“Club Zero”: une dénonciation cinématographique de la radicalisation
Club Zero s’affirme en tant que long-métrage «ascétique» au sein du Festival de Cannes, une audacieuse caractérisation qui ne serait pas reniée par Ruben Östlund, président du jury. Cette évaluation se trouve indissociablement liée à la scène initiale du film qui, dans sa crudité, met en avant un acte de vomissement des plus explicites.

La première séquence du long-métrage Club Zero se révèle plus répugnante encore que celle, interminable, offerte par le réalisateur suédois sur grand écran l’année précédente dans Triangle of Sadness, lauréat de la Palme d’or. Néanmoins, la metteuse en scène Jessica Hausner insiste sur le fait que l’objectif de cette scène n’est pas d’incommoder le spectateur, mais de refléter les normes sociétales en vigueur.

«Quand, lors d’un dîner, un convive ne touche pas à son assiette, les autres se sentent coupables ou offensés. Cela témoigne de la rigueur et de l’importance des normes alimentaires dans notre société», explique la cinéaste. La scène dérangeante «n’est pas conçue pour créer un malaise. Elle vise à illustrer le processus de radicalisation», ajoute-t-elle.

Club Zero, dans sa globalité, fustige l’endoctrinement et le sectarisme, tout en moquant les névroses des sociétés contemporaines, les carences éducatives des familles aisées, l’inertie face au changement climatique, ou l’obsession de la «nourriture saine».




L'action du film se situe dans un établissement scolaire prestigieux d’un pays européen non spécifié, et s’articule autour d’un groupe d’adolescents sous l’emprise de Mme Novak, incarnée par Mia Wasikowska, une enseignante qui prône «l’alimentation consciente», au point de se priver totalement de nourriture et de mettre la vie de tous ses élèves en péril. «Parfois, je me vois comme un être venant d’une autre planète qui nous observe, et je me demande ce que cette entité penserait de nous», raconte la réalisatrice autrichienne.

Au-delà des troubles alimentaires et des dérives sectaires, le film met en lumière les angoisses des générations les plus jeunes, confrontées au changement climatique et aux inégalités. «Si j’étais une adolescente aujourd’hui, je serais terrifiée par le monde que nous avons hérité», confie Mia Wasikowska. «J’ai été émue par ces enfants qui suivent ce cours parce qu’ils se soucient de la planète.

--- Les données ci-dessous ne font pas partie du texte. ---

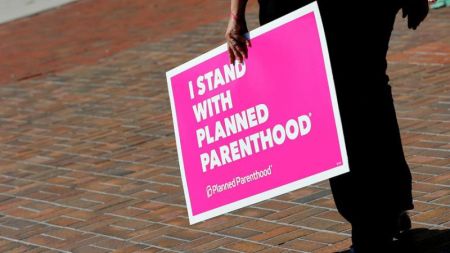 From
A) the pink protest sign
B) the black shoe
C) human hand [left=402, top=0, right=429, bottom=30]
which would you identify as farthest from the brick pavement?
human hand [left=402, top=0, right=429, bottom=30]

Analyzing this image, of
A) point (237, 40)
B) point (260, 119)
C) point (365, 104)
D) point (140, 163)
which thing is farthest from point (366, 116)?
point (140, 163)

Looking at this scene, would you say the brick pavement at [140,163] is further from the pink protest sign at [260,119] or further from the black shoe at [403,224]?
the pink protest sign at [260,119]

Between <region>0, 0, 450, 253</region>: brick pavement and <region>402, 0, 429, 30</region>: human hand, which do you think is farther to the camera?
<region>0, 0, 450, 253</region>: brick pavement

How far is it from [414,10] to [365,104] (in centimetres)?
41

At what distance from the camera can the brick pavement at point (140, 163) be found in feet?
16.6

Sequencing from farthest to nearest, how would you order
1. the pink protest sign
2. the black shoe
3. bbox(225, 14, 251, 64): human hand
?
the black shoe
bbox(225, 14, 251, 64): human hand
the pink protest sign

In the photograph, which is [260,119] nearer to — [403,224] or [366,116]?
[366,116]

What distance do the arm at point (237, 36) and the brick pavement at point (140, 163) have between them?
95 cm

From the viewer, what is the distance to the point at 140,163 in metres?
6.58

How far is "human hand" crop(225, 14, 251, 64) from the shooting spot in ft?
13.5

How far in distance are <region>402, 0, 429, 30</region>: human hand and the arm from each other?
0.59 metres

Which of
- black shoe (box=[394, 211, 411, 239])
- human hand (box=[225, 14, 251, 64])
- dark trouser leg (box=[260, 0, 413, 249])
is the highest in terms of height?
human hand (box=[225, 14, 251, 64])

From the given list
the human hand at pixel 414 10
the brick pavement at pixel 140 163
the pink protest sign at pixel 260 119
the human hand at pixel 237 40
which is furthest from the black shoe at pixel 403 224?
the human hand at pixel 237 40

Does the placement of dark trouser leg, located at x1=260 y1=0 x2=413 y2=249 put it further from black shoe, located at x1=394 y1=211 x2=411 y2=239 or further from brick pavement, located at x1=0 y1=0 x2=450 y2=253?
brick pavement, located at x1=0 y1=0 x2=450 y2=253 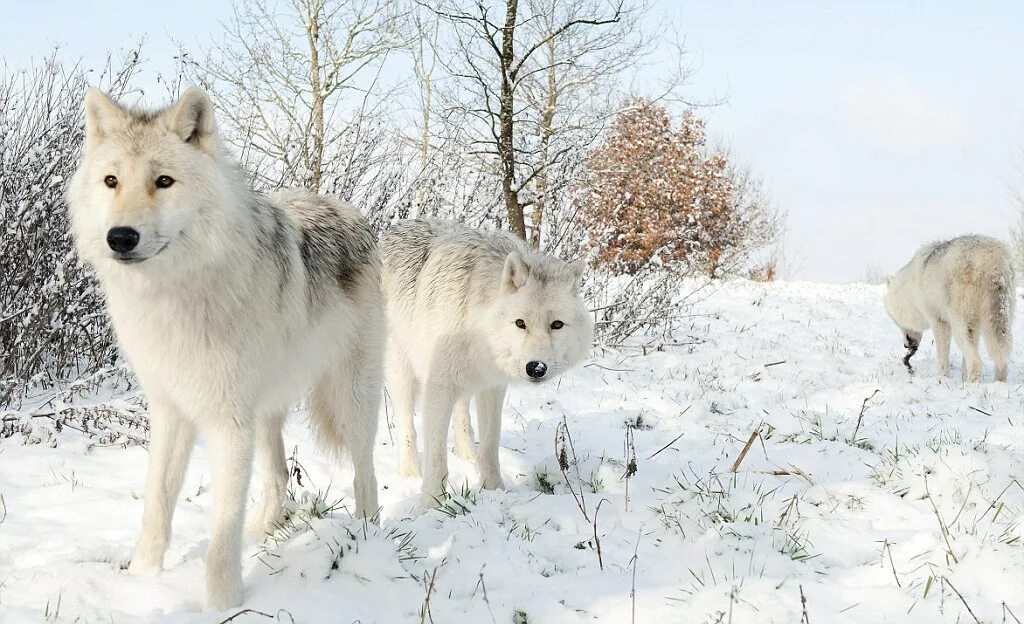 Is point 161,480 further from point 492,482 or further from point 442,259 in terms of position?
point 442,259

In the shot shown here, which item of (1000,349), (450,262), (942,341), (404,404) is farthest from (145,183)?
(942,341)

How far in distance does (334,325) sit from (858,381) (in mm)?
7003

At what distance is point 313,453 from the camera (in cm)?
534


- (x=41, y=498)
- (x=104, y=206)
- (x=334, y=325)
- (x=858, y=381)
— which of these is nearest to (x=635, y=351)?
(x=858, y=381)

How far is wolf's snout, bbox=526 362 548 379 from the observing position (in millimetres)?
4512

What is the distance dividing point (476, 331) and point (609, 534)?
1.70 m

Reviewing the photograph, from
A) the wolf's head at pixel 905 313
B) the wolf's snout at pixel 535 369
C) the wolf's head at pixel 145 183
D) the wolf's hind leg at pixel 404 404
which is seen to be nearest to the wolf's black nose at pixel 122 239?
the wolf's head at pixel 145 183

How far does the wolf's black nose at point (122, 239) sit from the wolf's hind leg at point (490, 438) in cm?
276

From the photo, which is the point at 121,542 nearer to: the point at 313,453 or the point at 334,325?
the point at 334,325

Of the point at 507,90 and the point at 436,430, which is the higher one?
the point at 507,90

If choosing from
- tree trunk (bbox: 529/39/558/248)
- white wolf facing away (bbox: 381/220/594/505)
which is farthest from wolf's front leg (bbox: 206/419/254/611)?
tree trunk (bbox: 529/39/558/248)

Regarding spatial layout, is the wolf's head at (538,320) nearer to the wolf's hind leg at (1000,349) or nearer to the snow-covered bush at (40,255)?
the snow-covered bush at (40,255)

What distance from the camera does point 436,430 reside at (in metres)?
4.74

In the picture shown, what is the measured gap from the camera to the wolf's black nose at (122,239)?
2.61 m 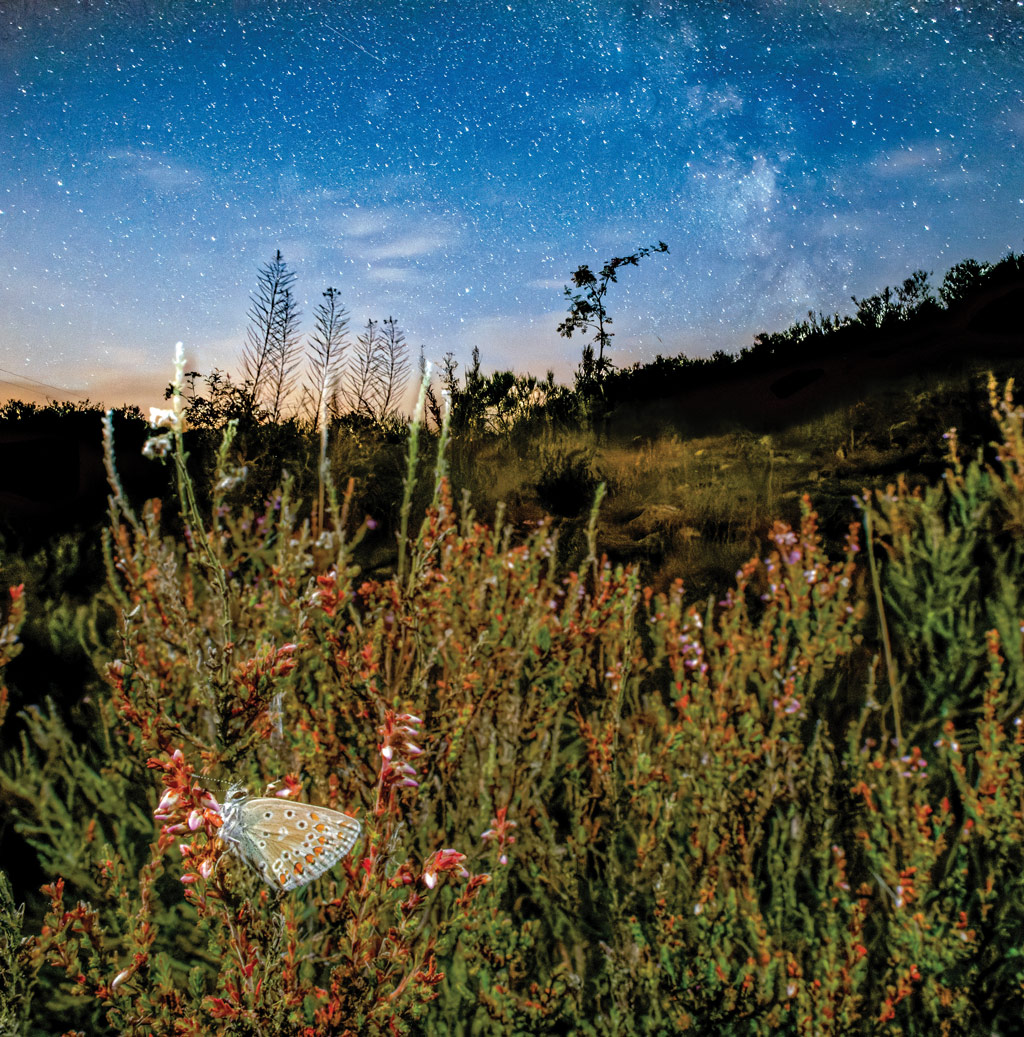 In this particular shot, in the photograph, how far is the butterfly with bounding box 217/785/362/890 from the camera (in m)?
0.94

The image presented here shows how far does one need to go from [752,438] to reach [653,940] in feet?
25.8

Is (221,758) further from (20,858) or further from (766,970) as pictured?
(20,858)

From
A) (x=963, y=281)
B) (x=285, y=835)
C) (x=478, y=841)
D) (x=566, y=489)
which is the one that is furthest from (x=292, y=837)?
(x=963, y=281)

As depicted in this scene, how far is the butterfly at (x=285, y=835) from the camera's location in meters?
0.94

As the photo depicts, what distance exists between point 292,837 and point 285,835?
0.01 meters

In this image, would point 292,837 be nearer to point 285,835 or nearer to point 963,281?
point 285,835

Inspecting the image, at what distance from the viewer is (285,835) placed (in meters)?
0.95

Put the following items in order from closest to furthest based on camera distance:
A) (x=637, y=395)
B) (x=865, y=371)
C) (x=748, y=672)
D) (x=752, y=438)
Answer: (x=748, y=672) → (x=752, y=438) → (x=865, y=371) → (x=637, y=395)

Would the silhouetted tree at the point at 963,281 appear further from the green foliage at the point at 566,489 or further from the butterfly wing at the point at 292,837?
the butterfly wing at the point at 292,837

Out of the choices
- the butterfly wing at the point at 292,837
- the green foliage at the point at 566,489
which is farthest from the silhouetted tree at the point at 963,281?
the butterfly wing at the point at 292,837

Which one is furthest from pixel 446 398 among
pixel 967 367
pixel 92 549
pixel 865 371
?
pixel 865 371

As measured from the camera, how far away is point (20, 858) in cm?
287

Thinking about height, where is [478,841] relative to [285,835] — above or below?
below

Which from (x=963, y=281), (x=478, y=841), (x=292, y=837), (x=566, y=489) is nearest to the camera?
(x=292, y=837) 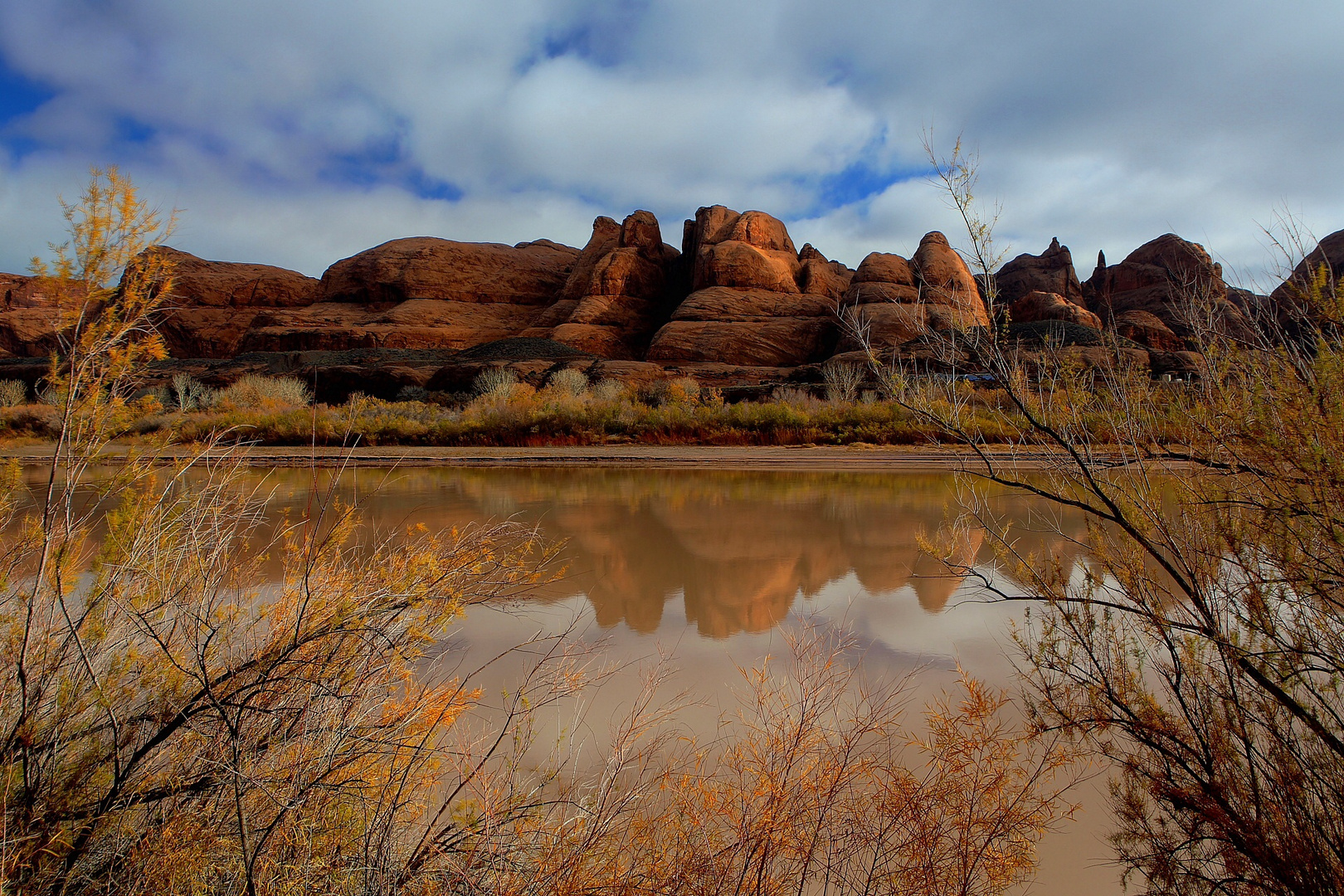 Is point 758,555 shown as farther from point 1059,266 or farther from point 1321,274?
point 1059,266

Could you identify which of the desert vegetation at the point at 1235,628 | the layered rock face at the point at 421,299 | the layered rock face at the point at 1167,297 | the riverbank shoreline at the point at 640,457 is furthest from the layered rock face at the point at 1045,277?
the desert vegetation at the point at 1235,628

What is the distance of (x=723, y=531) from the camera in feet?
A: 26.4

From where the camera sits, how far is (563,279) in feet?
216

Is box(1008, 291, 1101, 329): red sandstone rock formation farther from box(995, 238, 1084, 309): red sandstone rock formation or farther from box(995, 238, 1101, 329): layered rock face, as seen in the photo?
box(995, 238, 1084, 309): red sandstone rock formation

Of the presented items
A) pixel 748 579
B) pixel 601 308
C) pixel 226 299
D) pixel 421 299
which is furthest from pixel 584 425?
pixel 226 299

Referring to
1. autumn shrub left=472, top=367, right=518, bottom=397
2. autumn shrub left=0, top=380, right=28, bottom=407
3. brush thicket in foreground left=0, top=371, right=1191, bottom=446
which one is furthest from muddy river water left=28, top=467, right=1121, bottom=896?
autumn shrub left=0, top=380, right=28, bottom=407

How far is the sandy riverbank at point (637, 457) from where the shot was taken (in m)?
14.9

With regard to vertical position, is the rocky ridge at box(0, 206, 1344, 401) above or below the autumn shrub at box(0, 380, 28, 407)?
above

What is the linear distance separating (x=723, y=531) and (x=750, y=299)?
43.9 metres

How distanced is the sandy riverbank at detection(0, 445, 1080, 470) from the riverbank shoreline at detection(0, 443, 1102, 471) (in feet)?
0.06

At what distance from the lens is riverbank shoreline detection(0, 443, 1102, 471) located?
14711mm

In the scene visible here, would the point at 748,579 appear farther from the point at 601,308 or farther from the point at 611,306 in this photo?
the point at 611,306

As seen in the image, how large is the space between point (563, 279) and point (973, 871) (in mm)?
66901

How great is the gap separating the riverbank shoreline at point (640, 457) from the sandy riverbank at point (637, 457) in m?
0.02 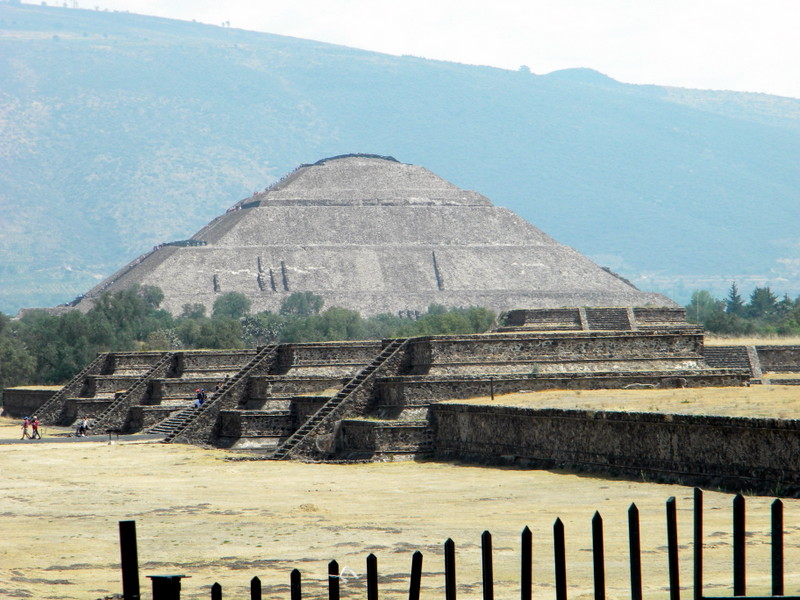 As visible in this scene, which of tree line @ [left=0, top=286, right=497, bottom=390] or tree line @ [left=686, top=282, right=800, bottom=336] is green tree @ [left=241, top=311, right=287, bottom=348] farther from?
tree line @ [left=686, top=282, right=800, bottom=336]

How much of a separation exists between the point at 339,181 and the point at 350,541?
143692mm

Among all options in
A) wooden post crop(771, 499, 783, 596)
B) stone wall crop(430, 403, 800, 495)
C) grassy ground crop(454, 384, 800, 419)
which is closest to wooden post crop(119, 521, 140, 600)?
wooden post crop(771, 499, 783, 596)

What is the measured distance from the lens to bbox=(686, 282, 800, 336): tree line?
243ft

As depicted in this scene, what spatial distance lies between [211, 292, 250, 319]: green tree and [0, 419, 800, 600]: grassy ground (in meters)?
90.3

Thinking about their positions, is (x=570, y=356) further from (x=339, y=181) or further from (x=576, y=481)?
(x=339, y=181)

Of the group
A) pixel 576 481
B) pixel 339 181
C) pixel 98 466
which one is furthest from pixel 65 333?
pixel 339 181

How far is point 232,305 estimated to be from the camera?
406 feet

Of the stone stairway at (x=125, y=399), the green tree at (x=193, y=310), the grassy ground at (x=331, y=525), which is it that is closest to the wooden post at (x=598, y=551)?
the grassy ground at (x=331, y=525)

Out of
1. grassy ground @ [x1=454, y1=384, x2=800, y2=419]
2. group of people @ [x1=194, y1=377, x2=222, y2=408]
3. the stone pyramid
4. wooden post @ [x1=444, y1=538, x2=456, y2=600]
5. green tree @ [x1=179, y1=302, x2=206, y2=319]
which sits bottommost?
group of people @ [x1=194, y1=377, x2=222, y2=408]

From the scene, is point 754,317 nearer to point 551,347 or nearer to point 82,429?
point 82,429

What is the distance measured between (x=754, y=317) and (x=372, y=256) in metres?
54.8

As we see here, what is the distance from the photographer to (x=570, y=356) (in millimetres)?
37562

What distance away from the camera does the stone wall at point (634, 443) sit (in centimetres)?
2153

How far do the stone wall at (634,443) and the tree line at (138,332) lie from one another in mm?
43330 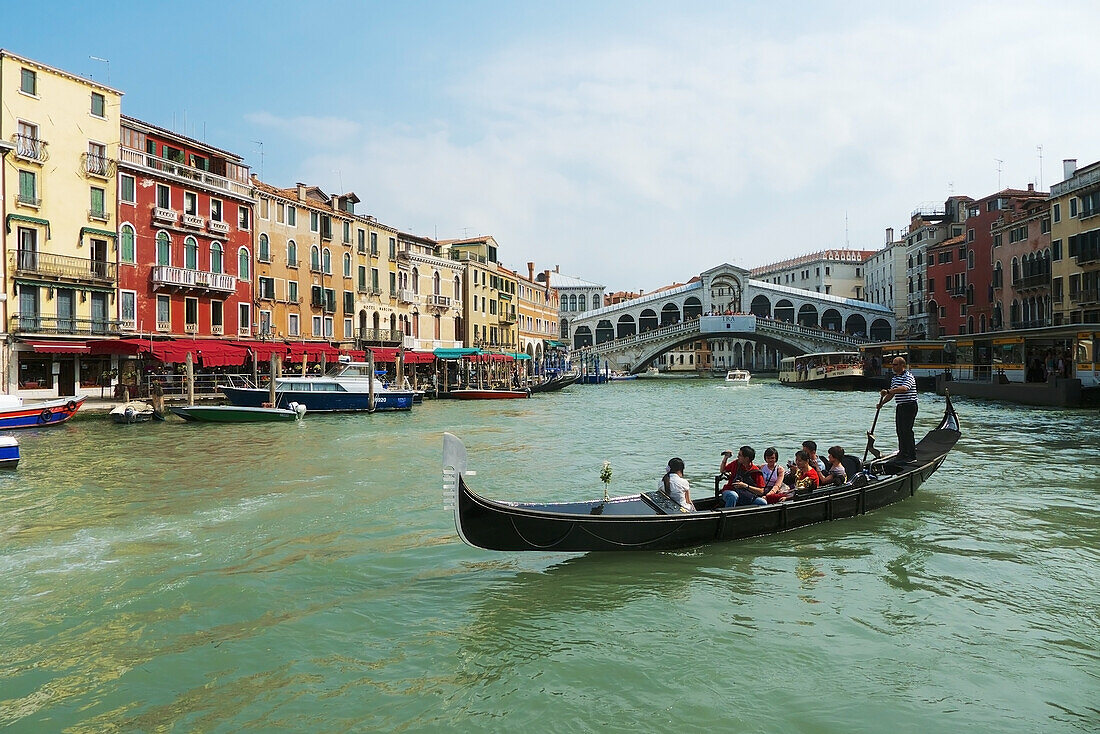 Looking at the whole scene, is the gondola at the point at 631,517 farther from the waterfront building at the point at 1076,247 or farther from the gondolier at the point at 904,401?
the waterfront building at the point at 1076,247

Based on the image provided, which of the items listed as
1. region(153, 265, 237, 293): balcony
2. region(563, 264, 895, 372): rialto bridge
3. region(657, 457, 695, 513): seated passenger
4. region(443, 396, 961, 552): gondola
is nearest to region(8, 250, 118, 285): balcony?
region(153, 265, 237, 293): balcony

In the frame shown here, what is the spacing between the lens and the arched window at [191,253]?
82.4ft

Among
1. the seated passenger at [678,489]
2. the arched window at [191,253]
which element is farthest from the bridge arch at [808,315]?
the seated passenger at [678,489]

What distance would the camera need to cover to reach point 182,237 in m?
25.0

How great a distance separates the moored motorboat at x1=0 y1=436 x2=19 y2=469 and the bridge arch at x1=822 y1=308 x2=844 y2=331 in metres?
57.9

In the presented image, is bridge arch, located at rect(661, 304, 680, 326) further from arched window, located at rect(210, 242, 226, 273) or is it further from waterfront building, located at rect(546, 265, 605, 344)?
arched window, located at rect(210, 242, 226, 273)

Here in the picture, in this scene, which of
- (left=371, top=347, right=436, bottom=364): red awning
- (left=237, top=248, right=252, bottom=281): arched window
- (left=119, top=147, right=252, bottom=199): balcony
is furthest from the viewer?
(left=371, top=347, right=436, bottom=364): red awning

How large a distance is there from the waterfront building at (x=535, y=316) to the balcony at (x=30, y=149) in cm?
3113

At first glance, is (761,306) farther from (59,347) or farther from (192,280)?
(59,347)

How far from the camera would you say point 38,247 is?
2073 centimetres

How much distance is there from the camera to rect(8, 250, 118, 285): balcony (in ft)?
66.0

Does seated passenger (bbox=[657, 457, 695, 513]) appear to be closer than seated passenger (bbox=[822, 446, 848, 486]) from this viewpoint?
Yes

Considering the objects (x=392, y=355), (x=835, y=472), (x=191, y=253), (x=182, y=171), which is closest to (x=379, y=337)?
(x=392, y=355)

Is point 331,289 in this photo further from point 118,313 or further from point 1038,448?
point 1038,448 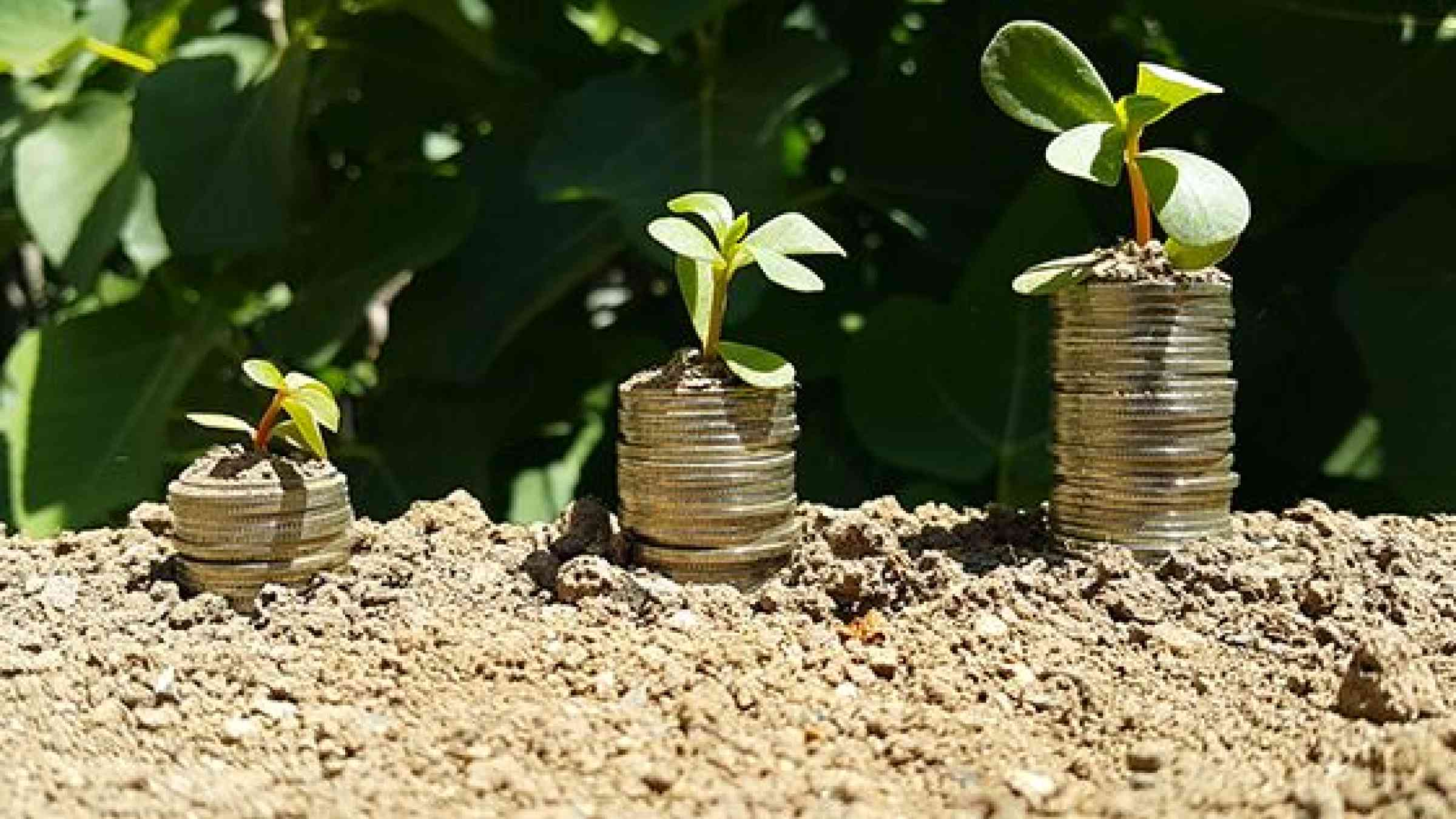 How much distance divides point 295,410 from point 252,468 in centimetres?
3

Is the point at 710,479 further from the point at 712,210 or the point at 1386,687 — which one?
the point at 1386,687

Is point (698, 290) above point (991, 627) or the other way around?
above

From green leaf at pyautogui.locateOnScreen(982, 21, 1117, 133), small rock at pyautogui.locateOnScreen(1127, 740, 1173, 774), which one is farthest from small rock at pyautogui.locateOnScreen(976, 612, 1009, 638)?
green leaf at pyautogui.locateOnScreen(982, 21, 1117, 133)

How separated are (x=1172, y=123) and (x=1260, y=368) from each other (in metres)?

Beaucoup d’entre eux veulent consommer moins de viande et être plus conscients de leurs actions. C’est ce qu’il y a de magnifique chez la jeunesse. Mais tout cela devient corrompu, sous influence.»

Pour préparer le film, Jessica Hausner et l’actrice, que l’on a pu voir dans Alice au pays des merveilles de Tim Burton, ont fait des recherches sur les cultes et les sectes. Pour la réalisatrice, l’enseignante devait être sincère dans ses convictions, plutôt qu’une manipulatrice. «C’est une fervente croyante qui pense vraiment faire ce qui est juste», souligne Wasikowska. Les enfants ainsi que Mme Novak «s’engagent dans une croyance que nous jugerions normalement comme absurde et démente. Il est déconcertant d’accepter que des personnes puissent sincèrement adhérer à des idéologies dévastatrices ou destructrices», poursuit Jessica Hausner.

Son précédent long-métrage, Little Joe, avait concouru à Cannes en 2019 et avait valu un prix d’interprétation à l’actrice Emily Beecham. À l’image de ce film, Club Zero incorpore un travail méticuleux sur les nuances chromatiques et la géométrie des décors. «Je ne cantonne pas mes films à une période ou un lieu précis. J’essaie de créer un style visuel surréaliste», souligne la réalisatrice, qui avoue être «lasse» du naturalisme.